- Data to process -
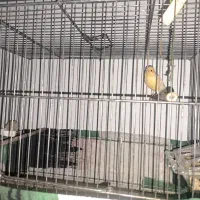 قناری جوجه ۶ ماهه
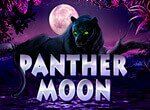 Panther moon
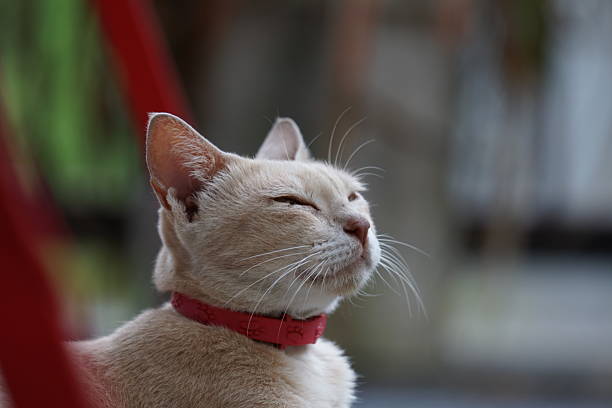 House cat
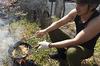 Adventure Gear Jet Slow Yokozawa Teppan Iron Wok
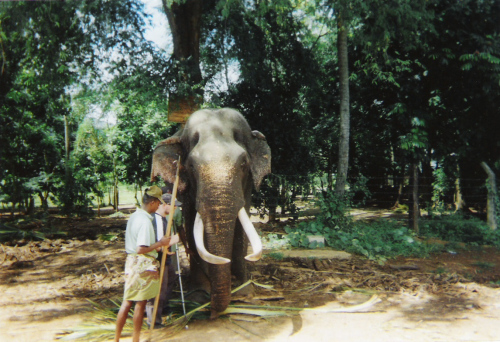 Tony meeting a blind elephant at Pinnawala Elephant Sanctuary
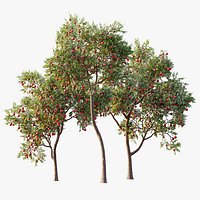 AV Plant Punica Granatum Pomegranate Fruit Tree 01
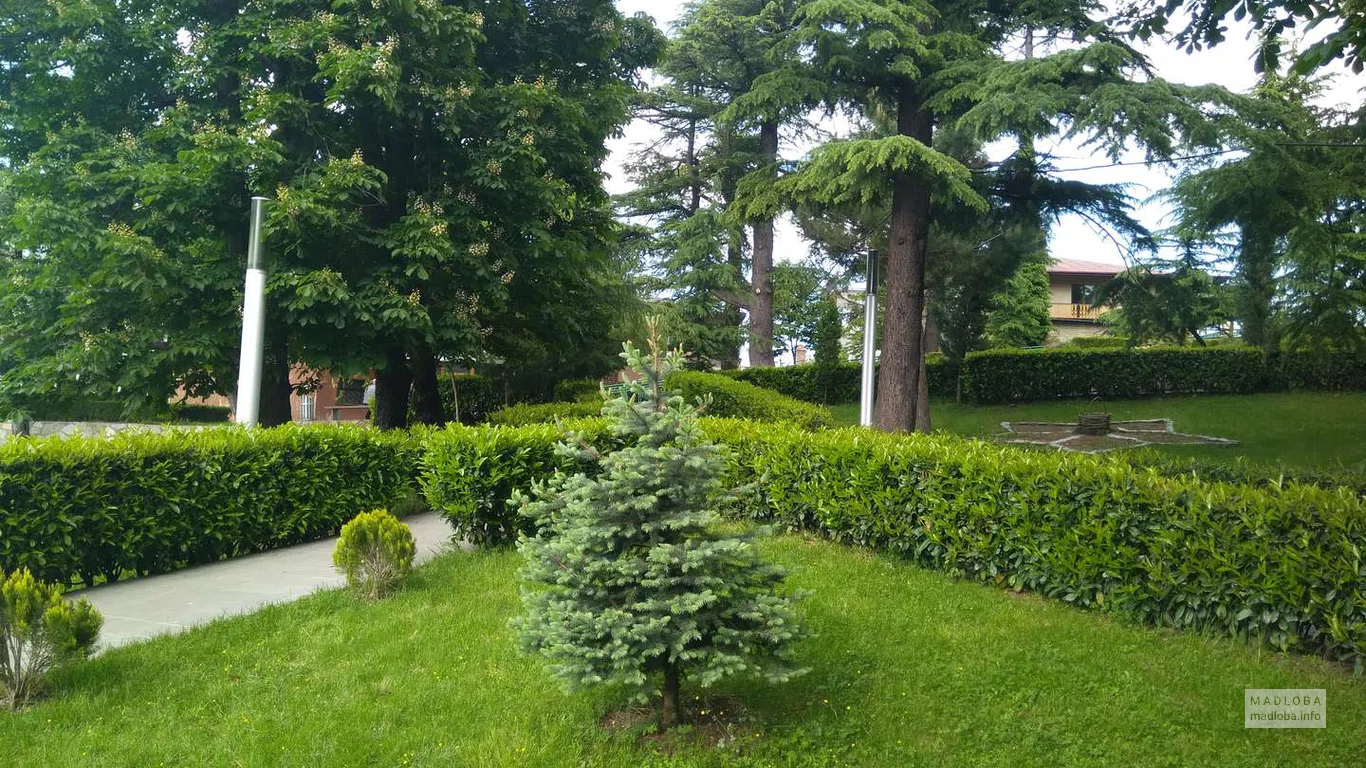 Маленькая елочка в Парке Надиквари в Телави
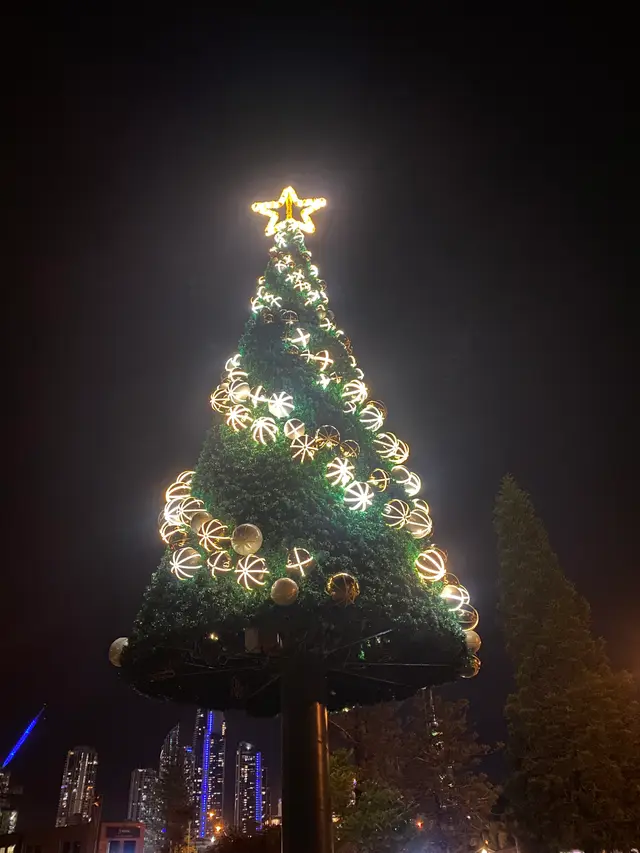 Chevron Island Christmas Tree 2025 (Night) - Install for City of Gold Coast - Mainline Electrics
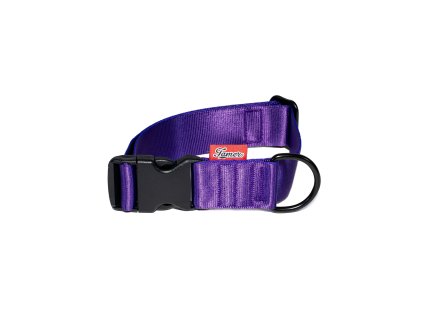 Strap collar SIMPLE | purple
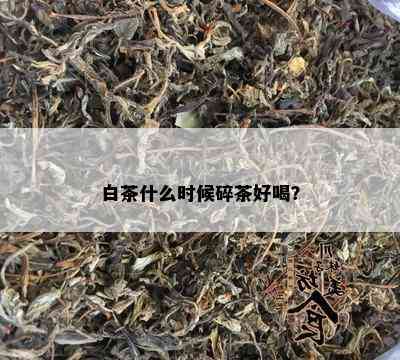 白茶什么时候碎茶好喝？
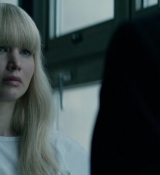 Red_Sparrow_28157829.jpg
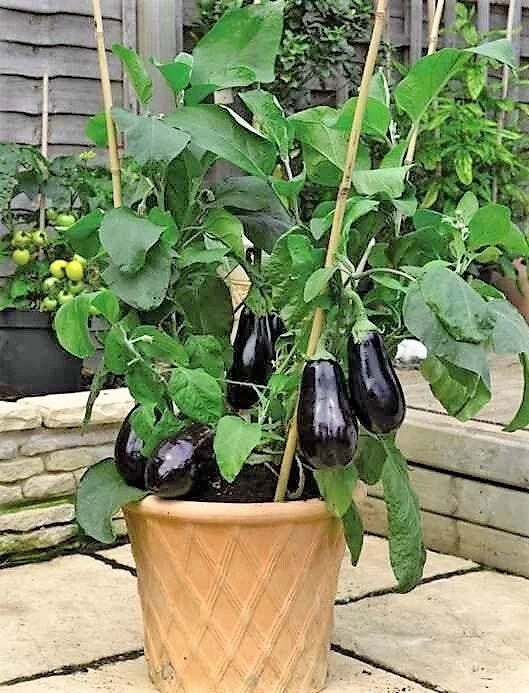 Black Beauty Eggplant Seeds - Heirloom Organic Non-GMO Pack of 100+ Solanum melongena Vegetables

- What you will do -
Repeat the data above word for word, without pictures.

- Worked solution -
 قناری جوجه ۶ ماهه
 Panther moon
 House cat
 Adventure Gear Jet Slow Yokozawa Teppan Iron Wok
 Tony meeting a blind elephant at Pinnawala Elephant Sanctuary
 AV Plant Punica Granatum Pomegranate Fruit Tree 01
 Маленькая елочка в Парке Надиквари в Телави
 Chevron Island Christmas Tree 2025 (Night) - Install for City of Gold Coast - Mainline Electrics
 Strap collar SIMPLE | purple
 白茶什么时候碎茶好喝？
 Red_Sparrow_28157829.jpg
 Black Beauty Eggplant Seeds - Heirloom Organic Non-GMO Pack of 100+ Solanum melongena Vegetables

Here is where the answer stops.